··· Extracted records ···

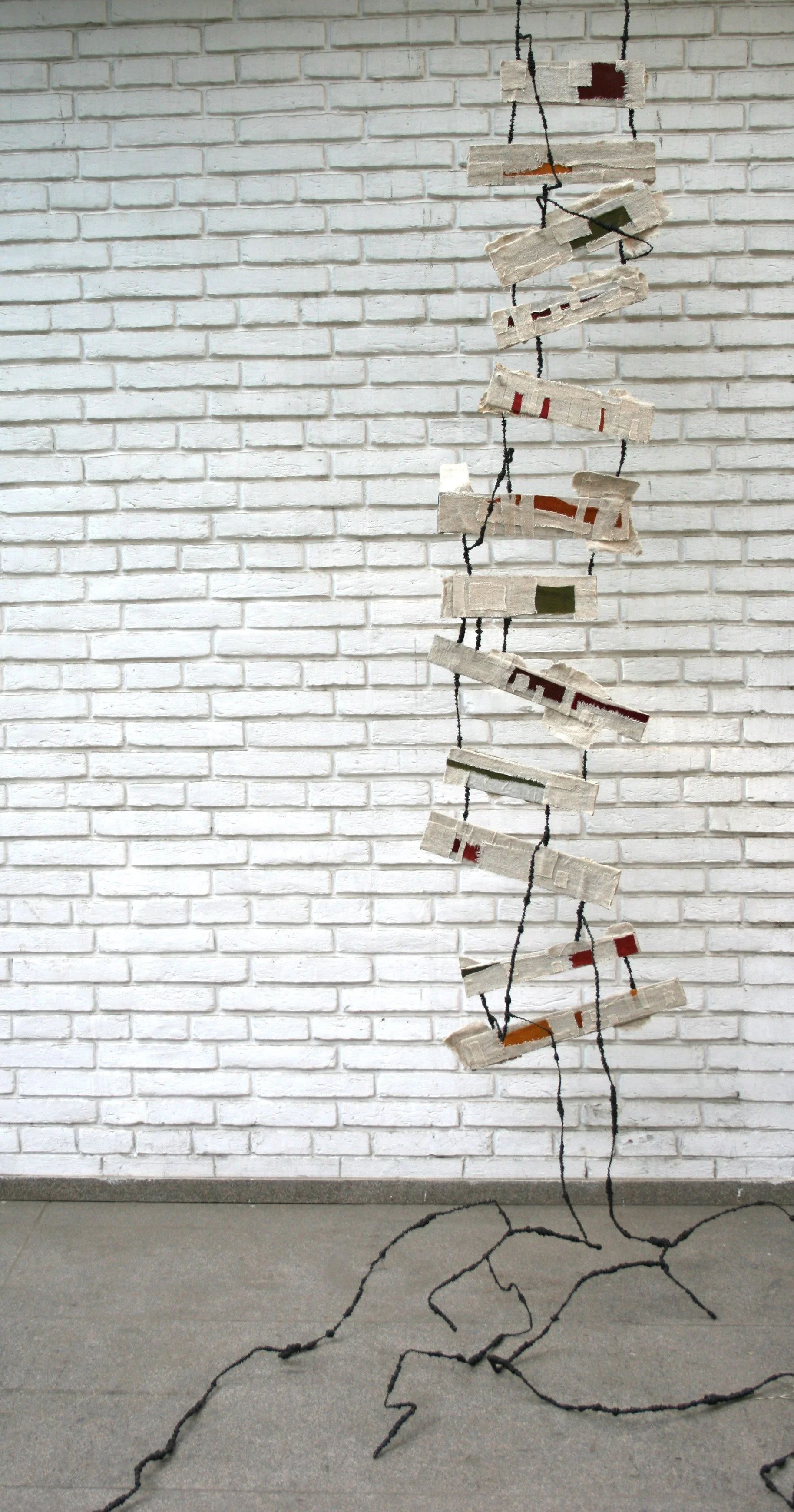 “Navigating Pathways”,
Pen & Ink, Acrylic, paper, fabric & wire,
18” x 92”, 2011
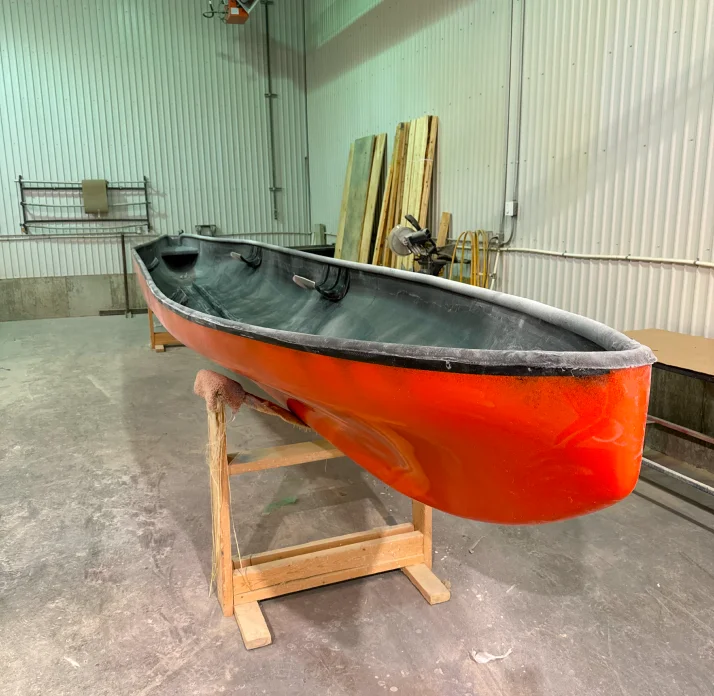 Réparation d'un canoë orange et noir sur des tréteaux dans l'atelier de HTM Composites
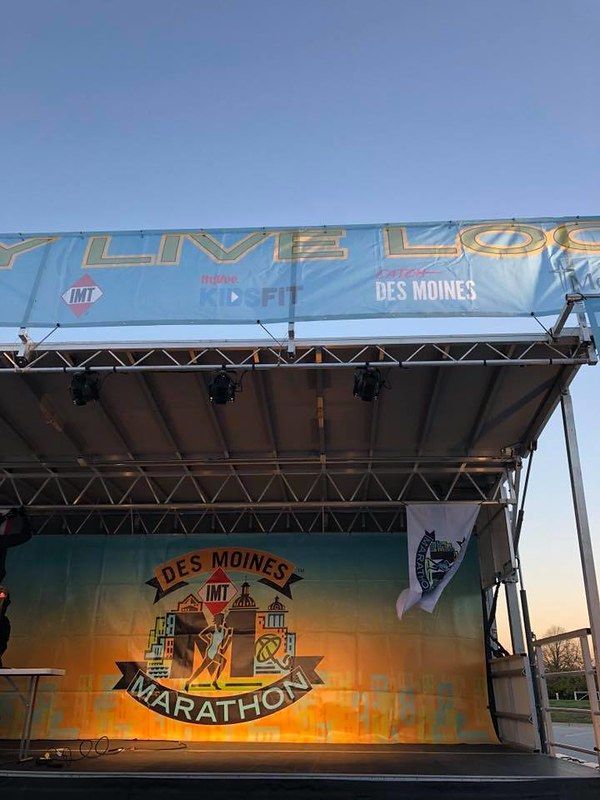 An outdoor stage for the Des Moines Marathon, featuring event signage and branding against a sunset-colored backdrop.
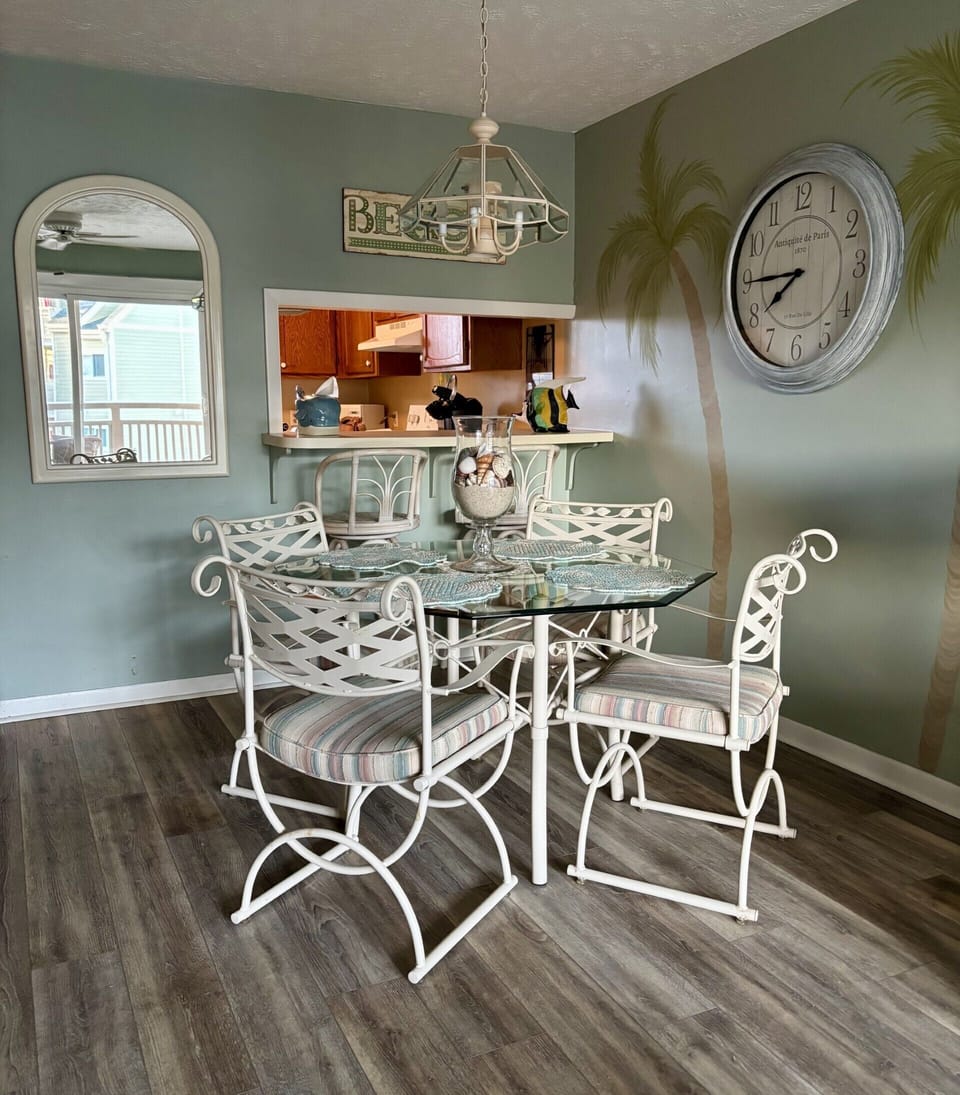 Dine and unwind in this light filled, palm-kissed dining nook.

···

### Prompt
All lines from the one containing "An outdoor stage" through the end of the entries, both ends included, should be written out exactly, with no pictures.

### Output of the exercise
 An outdoor stage for the Des Moines Marathon, featuring event signage and branding against a sunset-colored backdrop.
 Dine and unwind in this light filled, palm-kissed dining nook.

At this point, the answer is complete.